Many congress members have left Washington, D.C., since Friday was to be the first day of a planned recess. This meant the partisan majority on the floor fluctuated. Olivia Beavers of Politico reported that that instability made Freedom Caucus members nervous enough to put together a Floor Action Response Team (FART—I am not making this up) to make sure other Republicans didn’t limit the power of the extremists when they were off the floor.

The name of their response team seems likely to be their way to signal their disrespect for the entire Congress. Their fellow Republicans are returning the heat. Today Mike Turner (R-OH) referred to the extremists as the Bully Caucus on MSNBC and said, “We need to get back to professionalism, we need to get back to governing, we need to get back to legislating.” Derrick Van Orden (R-WI) told Juliegrace Brufke of Axios:  “The vast majority of the Republican Party in the House of Representatives…are sick and tired of having people who…constantly blackmail the speaker of the House.”
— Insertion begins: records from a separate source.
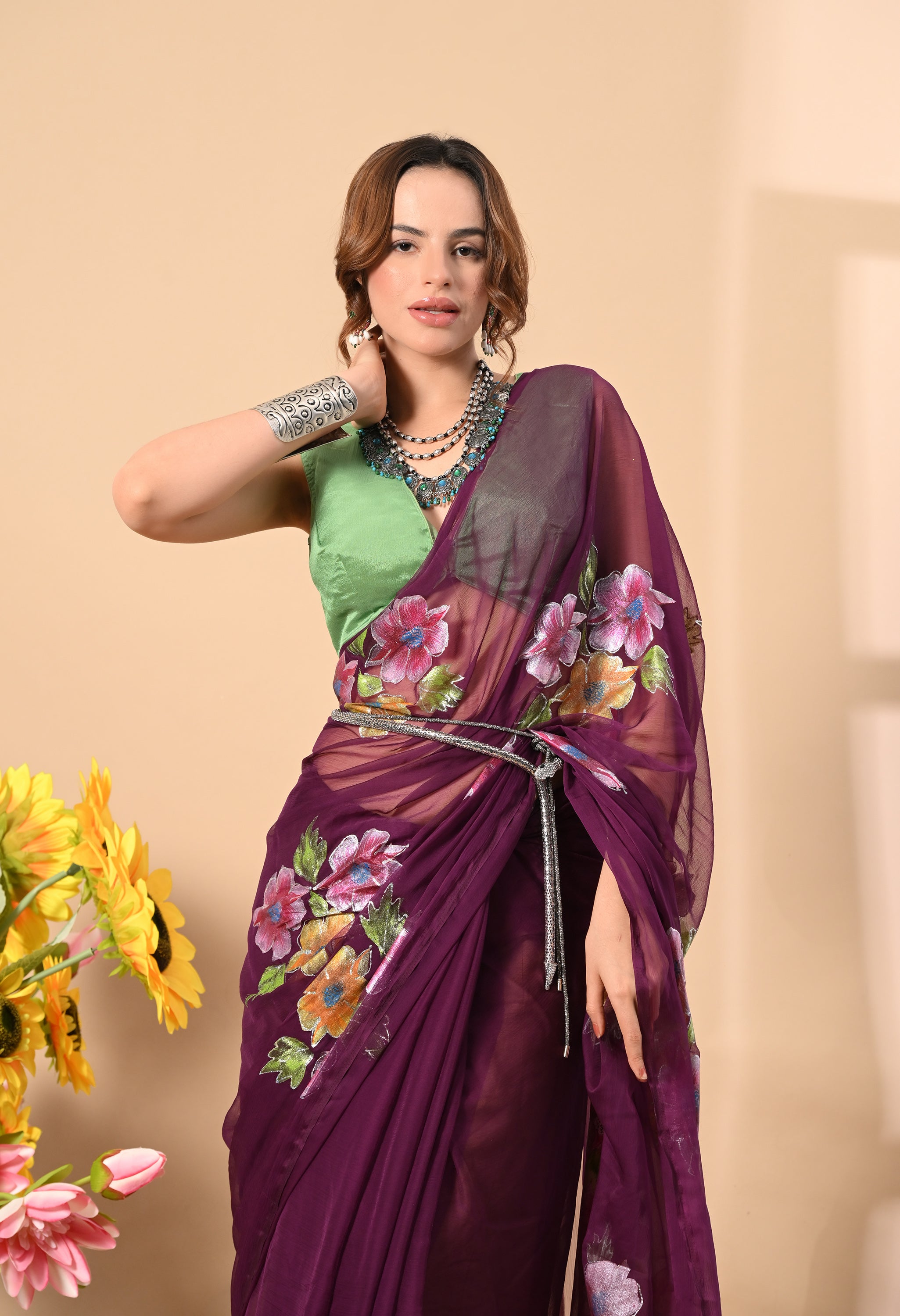 Ruby Wine Hand Painted Chiffon Saree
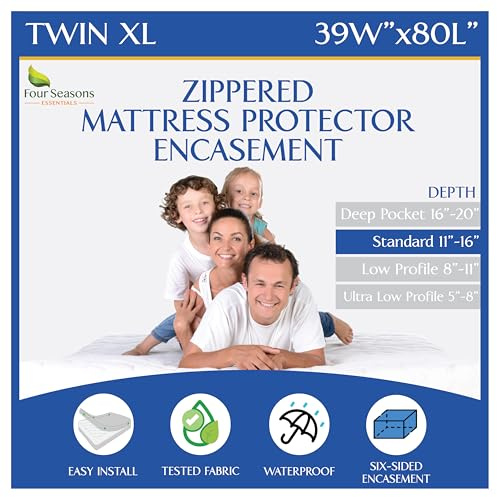 Twin Extra Long (XL) Mattress Protector Zippered Bed Bug Waterproof Encasement Hypoallergenic Premium Quality Cover Protects Against Dust Allergies White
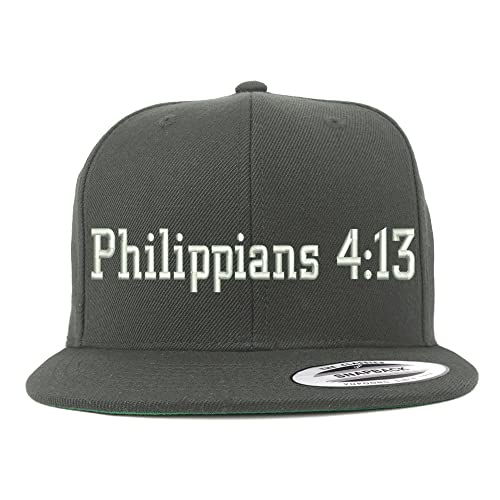 Trendy Apparel Shop Philippians 4:13 Embroidered Flatbill Snapback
Another Republican representative, Jake LaTurner of Kansas, announced today he will not run for reelection. He joins more than 20 other Republican representatives heading for the exits.

After all the drama, the House Rules Committee voted 6–3 tonight to advance the foreign aid package to the House floor. Three Republicans voted nay. While it is customary for the opposition party to vote against advancing bills out of the committee, the Democrats broke with tradition and voted in favor.